Less well-known routes are also growing in popularity. These include the Way of St Olav in Norway, which had 165 pilgrims in 2010 and has 10,000 today.
The Church of Scotland’s General Assembly was expected this week to close the door on centuries of suspicion and hostility by voting to affirm the place of pilgrimages in spiritual life. At least six new pilgrimage routes are under development across Scotland.
The Green Pilgrimage project will not only work to encourage more people to join in pilgrimages, but also provide funding for local councils and church organisations so that they can ensure that the increasingly busy routes enhance, not harm, the environment.

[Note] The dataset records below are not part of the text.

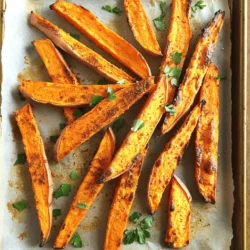 - 2 large sweet potatoes, peeled and cut into fry shapes - 2 tablespoons olive oil - 1 teaspoon smoked paprika - 1 teaspoon garlic powder - ½ teaspoon cayenne pepper (adjust to taste) - Salt to taste - Freshly cracked black pepper to taste - 1 tablespoon chopped fresh parsley (for garnish) Sweet potatoes are the star here. They bring a natural sweetness and a nice texture. Olive oil helps the fries get crispy in the oven. The spices are where the fun begins! Smoked paprika gives a nice, smoky flavor. Garlic powder adds depth, while cayenne brings a little heat. You can adjust the cayenne to match your taste. Salt and pepper are key for balance. Lastly, a sprinkle of fresh parsley adds color and brightness. Baked sweet potato fries offer a healthy snack option. They contain about 150 calories per serving. Each serving has 2 grams of protein, 5 grams of fat, and 30 grams of carbs. Sweet potatoes are rich in fiber and vitamins. They are a great source of vitamin A and C. The fiber helps digestion and keeps you full longer. - Baking sheet - Parchment paper - Mixing bowl - Knife and cutting board These tools make the process easy. The baking sheet holds the fries while they cook. Parchment paper prevents sticking and makes cleanup simple. A mixing bowl is for tossing the fries with oil and spices. A good knife and cutting board help you cut the sweet potatoes into even fry shapes. These supplies ensure you get the best results for your baked sweet potato fries. For the full recipe, check out the [Full Recipe]. 1. Start by preheating your oven to 425°F (220°C). This high heat helps the fries get crispy. 2. Next, prepare your baking sheet. Line it with parchment paper to make cleanup easy and prevent sticking. 1. In a large bowl, toss the sweet potato fries with 2 tablespoons of olive oil. Make sure they are evenly coated for the best flavor. 2. Now, grab a small bowl and mix together 1 teaspoon of smoked paprika, 1 teaspoon of garlic powder, ½ teaspoon of cayenne pepper, salt, and freshly cracked black pepper. This spice mix adds a nice kick. 3. Sprinkle the spice mix over the sweet potatoes. Toss them until every fry is well coated with the seasoning. 1. Spread the coated sweet potato fries in a single layer on the prepared baking sheet. Do not overcrowd them; this helps them crisp up nicely. 2. Bake the fries in your preheated oven for 25-30 minutes. Flip them halfway through to ensure even cooking. They should turn golden brown and crispy. 3. After baking, take them out and let them cool for a few minutes. Garnish with chopped parsley before serving. For the full recipe, check out the detailed instructions above. To get the best crispiness, you must not overcrowd the baking sheet. When you place fries too close, they steam instead of bake. This makes them soft, not crispy. Spread the fries out in one layer. Give them space to breathe. Flipping the fries helps to cook them evenly. Halfway through baking, take them out and turn them over. This simple step ensures both sides get golden and crunchy. You can boost flavor by adding more spices. Try cumin for a warm touch or chili powder for heat. If you enjoy herbs, sprinkle in oregano or thyme. These spices add depth to your fries. Making your own seasoning blend is easy. Mix garlic powder, onion powder, and a pinch of salt. This homemade blend can be a fun twist on your fries. Overcooking or undercooking the fries is a common issue. If you cook them too long, they burn. If you don’t cook them enough, they stay mushy. Stay close to the oven and check them often. Incorrect oven temperatures can ruin your fries. Always preheat your oven to 425°F (220°C). This heat ensures a nice crunch. Use an oven thermometer to check if your oven is accurate. For the full recipe, explore the detailed instructions above! {{image_2}} You can easily change the flavor of baked sweet potato fries. For a sweet and spicy option, add a drizzle of honey or maple syrup. Mix this with cayenne pepper for a kick. You can also sprinkle cinnamon for a unique twist. This mix gives a great balance of sweet and heat. If you prefer savory herb-infused fries, use fresh herbs. Try rosemary, thyme, or oregano. Just chop them finely and mix them with your fries before baking. This adds a fresh taste that works well with sweet potatoes. Dipping sauces can make your fries even better. You can make a simple homemade aioli. Just mix mayonnaise, lemon juice, and garlic. This adds creaminess and a nice zing. You can also try a spicy version by adding sriracha to the aioli. If you like classic flavors, ketchup is a great choice. You can also use barbecue sauce for a smoky flavor. These sauces pair well with the sweetness of your fries. Baked sweet potato fries can go with many dishes. They pair well with grilled chicken or fish. This makes a great meal. You can also serve them with burgers for a fun twist. As a snack or appetizer, they shine on their own. Serve them to guests at parties or enjoy them during movie night. Either way, these fries are a tasty treat. For the full recipe, check out the guide above. To keep your baked sweet potato fries fresh, follow these tips: - Refrigeration: Place cooled fries in an airtight container. They will last about 3 to 5 days. - Freezing: If you want to store them longer, freeze the fries. First, spread them on a baking sheet and freeze until solid. Then, transfer them to a freezer-safe bag. They can last up to 2 months in the freezer. To enjoy crispy fries again, reheating is key: - Oven Method: Preheat the oven to 400°F (200°C). Spread fries on a baking sheet. Bake for about 10 minutes until hot and crispy. - Air Fryer Method: Set the air fryer to 350°F (175°C). Cook for about 5 minutes. This method keeps the fries crispy and delicious. Understanding how long your fries last is important: - Storage Duration: Baked sweet potato fries are best within 3 to 5 days in the fridge. - Signs of Spoilage: Look for changes in color or smell. If they seem mushy or have an off odor, it’s time to toss them out. Baked sweet potato fries last about 3 to 5 days in the fridge. To keep them fresh, store the fries in an airtight container. Place a paper towel in the container to absorb moisture. This helps to keep your fries crispier for longer. You can also freeze them if you want to keep them longer. When frozen, they can last up to 3 months. Just make sure to freeze them in a single layer before transferring them to a bag. This prevents them from sticking together. Yes, you can make baked sweet potato fries in an air fryer. First, prepare the sweet potatoes the same way as in the oven method. Preheat your air fryer to 400°F (200°C). Place the sweet potato fries in the air fryer basket in a single layer. Cook them for about 15 to 20 minutes, shaking the basket halfway through. This helps them cook evenly and get crispy. Keep an eye on them to avoid burning, as air fryers can cook quickly. Baked sweet potato fries pair well with many dishes. They make a great side for burgers, grilled chicken, or fish. You can also serve them with a variety of dips. Try them with homemade aioli, spicy ketchup, or ranch dressing. For a fun twist, add them to a salad or grain bowl. Their sweet flavor balances well with savory ingredients. You can check out the Full Recipe for ideas on how to enjoy these fries in different meals! Baked sweet potato fries are simple to make and delicious. We covered the key ingredients, easy steps, and tips to ensure perfect fries. Remember to coat them well, avoid overcrowding, and explore various flavors. You can enjoy them as a snack or a side dish and store leftovers correctly for later. Experimenting with dipping sauces and seasonings can elevate your fries. With these insights, you can create tasty, healthy fries every time. Enjoy your cooking adventure!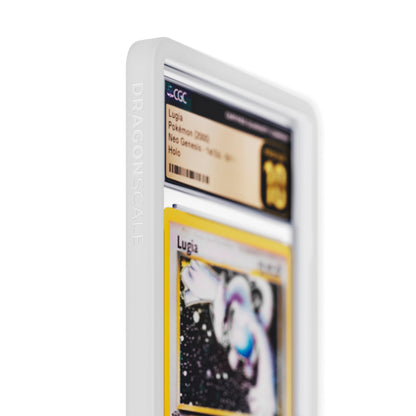 Close up logo zoom view of a CGC slab in Solid White Dragonscale bumper guard, featuring a Lugia  Neo Genesis CGC 10 Pokemon card.
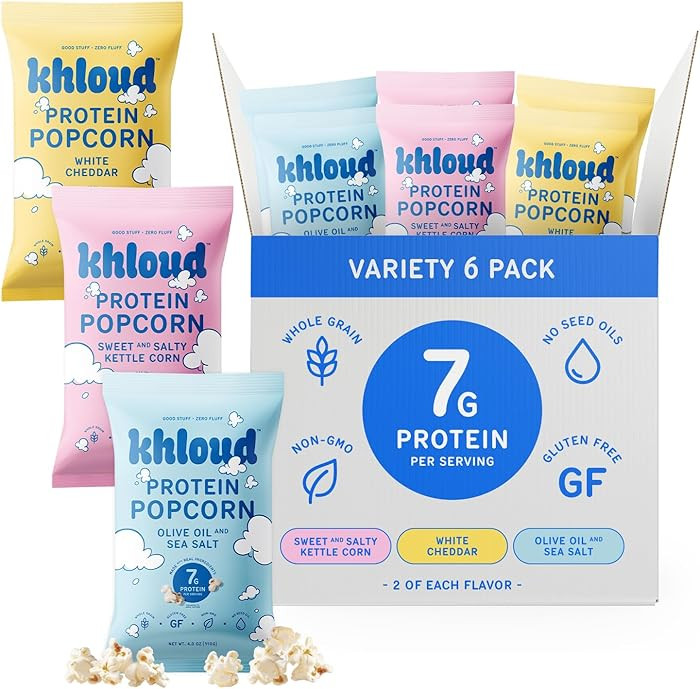 Khloud Protein Popcorn, 6 Pack Variety Pack - Protein Popcorn Made with Real Simple Ingredients &... | Amazon (US)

The conference, hosted by the diocese of Canterbury and Kent County Council, was organised with pilgrimages places around Europe, as far afield as Italy, Romania, and Sweden.
The Bishop of Dover, the Rt Revd Trevor Willmott, said at the conference that the renewed interest in pilgrimage, particularly from non-Christians, was to be welcomed.
“Pilgrimage is not just about getting from A to B, but about the invitation to accept encounters; encounters with oneself, with others, with God, and with the environment,” he said.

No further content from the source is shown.